Bei vielen Wählern ist das Gefühl spürbar, dass Erdogan zu mächtig geworden ist. Die "Erdogan-Muss-Gestoppt-Werden"-Partei sei inzwischen die größte des Landes, sagt der Publizist Ates Ilyas Bassoy. Zudem sorgt ein Wahlkampfauftritt Erdogans im osttürkischen Igdir für Aufruhr. Dort begrüßte eine Gruppe Frauen den Präsidenten, indem sie ihm demonstrativ ihre Rückseite zukehrten und dabei das Victory-Zeichen machten. Eigentlich bloß eine von vielen kleinen Gesten der Ablehnung, die Politiker täglich zu sehen bekommen. Doch Erdogan provozierte der Protest der Frauen offenbar dermaßen, dass er ihn zum Thema seines Auftritts machte: "Wenn Sie nur ein Minimum an Freundlichkeit, Ehre und Kompetenz hätten, wäre das Parlament der Ort für Politik", wies er die Frauen zurecht.

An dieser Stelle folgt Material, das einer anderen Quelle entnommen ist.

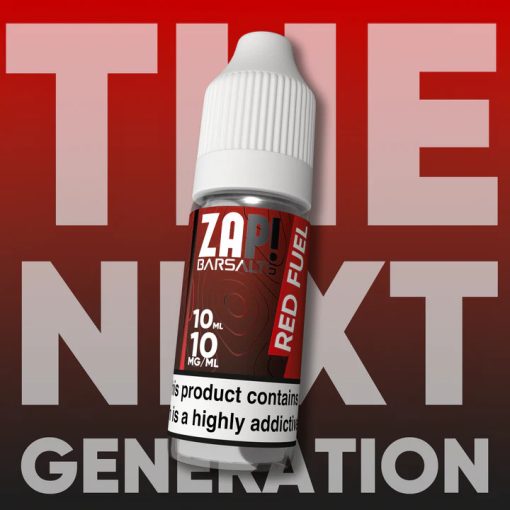 ZAP! Juice Bar Salt Red Fuel 10ml 20mg/ml nikotinsó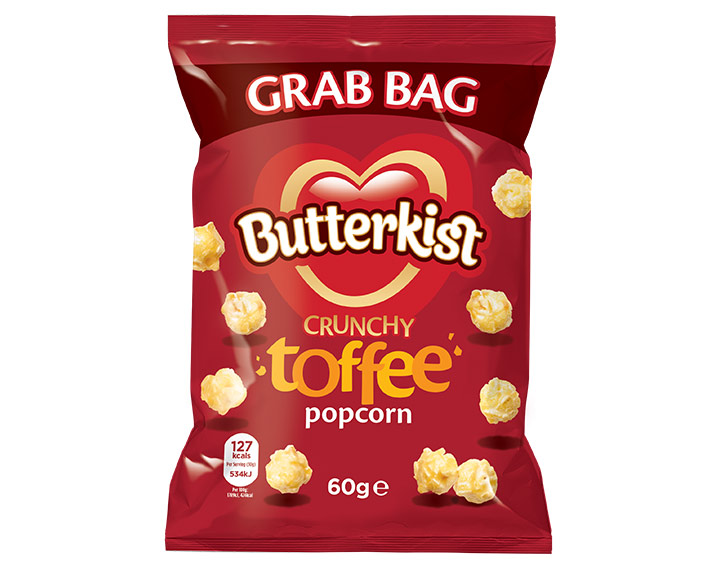 Crunchy Toffee Grab 60g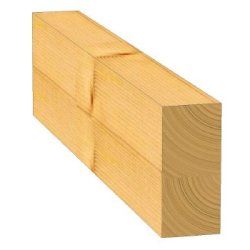 Panne de charpente en pin brut traité Classe 2 - 6000x225x100 mm
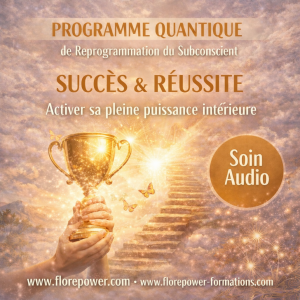 AUDIO : Reprogrammation du Subconscient RÉUSSITE ET SUCCÈS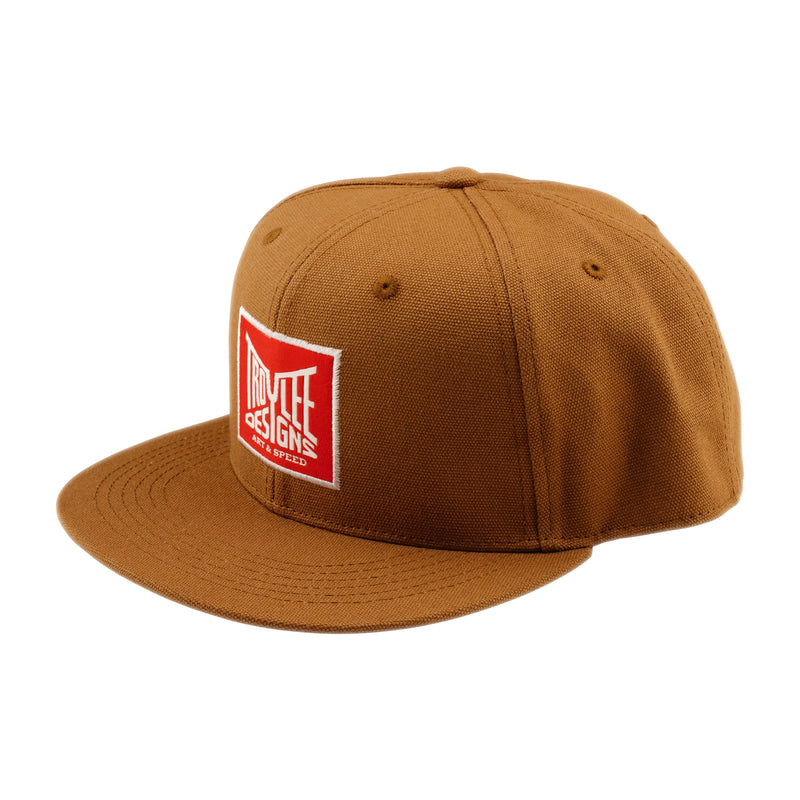 Troy Lee Design 26 Flat Bill Snapback Hat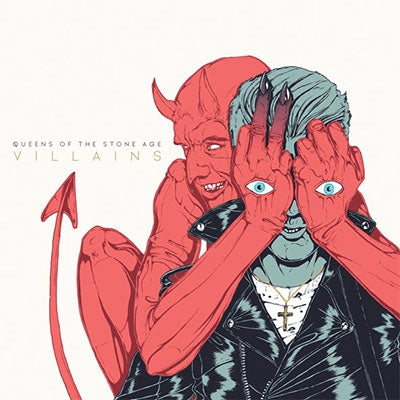 Queens Of The Stone Age - Villains - Import CD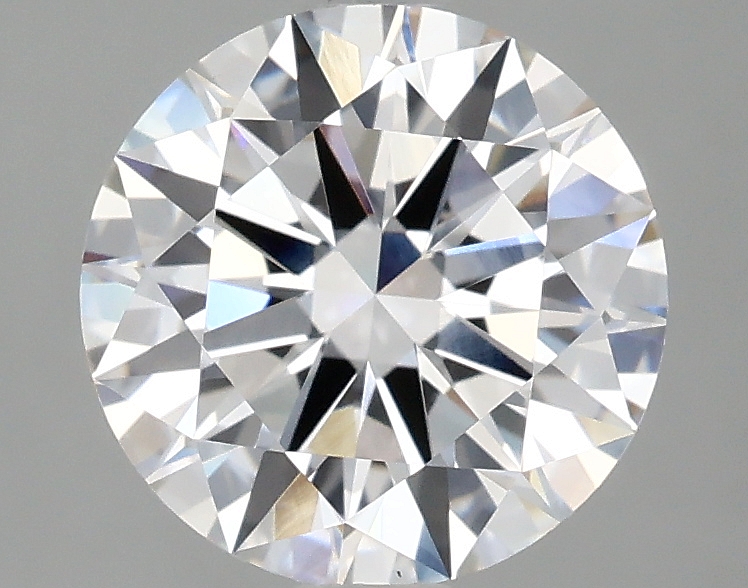 2.09 CT Round Brilliant Diamond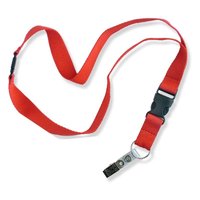 FLAT LANYARD W/BREAKAWAY, 12/CD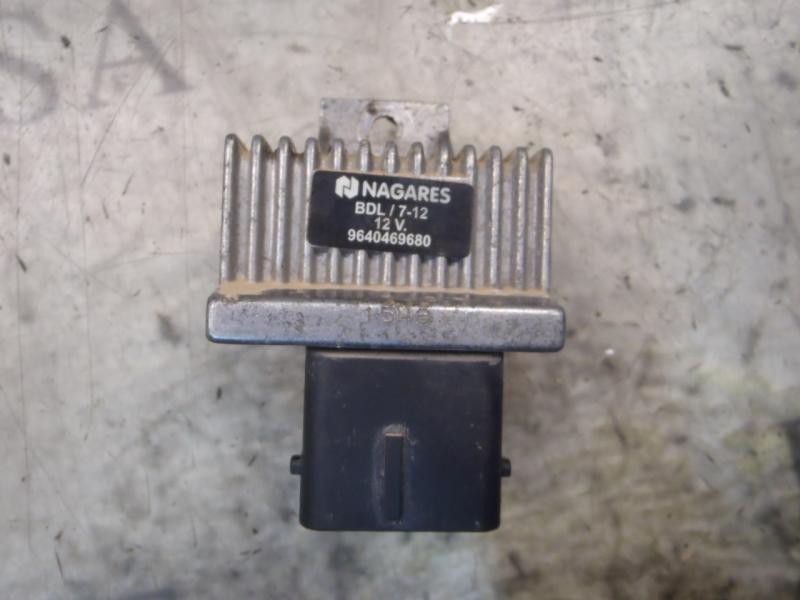 Recambio de caja precalentamiento para citroën berlingo cuadro sx referencia OEM IAM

Den Türkinnen reichte es dann offenbar: Frauen aus dem gesamten Land reagierten, indem sie sich von hinten fotografieren ließen und die Bilder ins Netz stellten. Im Kurznachrichtendienst Twitter posteten sie ihre Rückansichten unter dem Hashtag "SirtimiziDönüyoruz" - zu Deutsch: "Wir drehen unsere Rücken zu".

Erdogan, der 2003 als Ministerpräsident antrat und im August 2014 zum Präsidenten gewählt wurde, ist nicht zuletzt wegen der Erfolge seiner Wirtschaftspolitik zum politischen Superstar geworden. Zumindest in der ersten Phase seiner Ära brachten politische Reformen mehr Freiheitsrechte für alle.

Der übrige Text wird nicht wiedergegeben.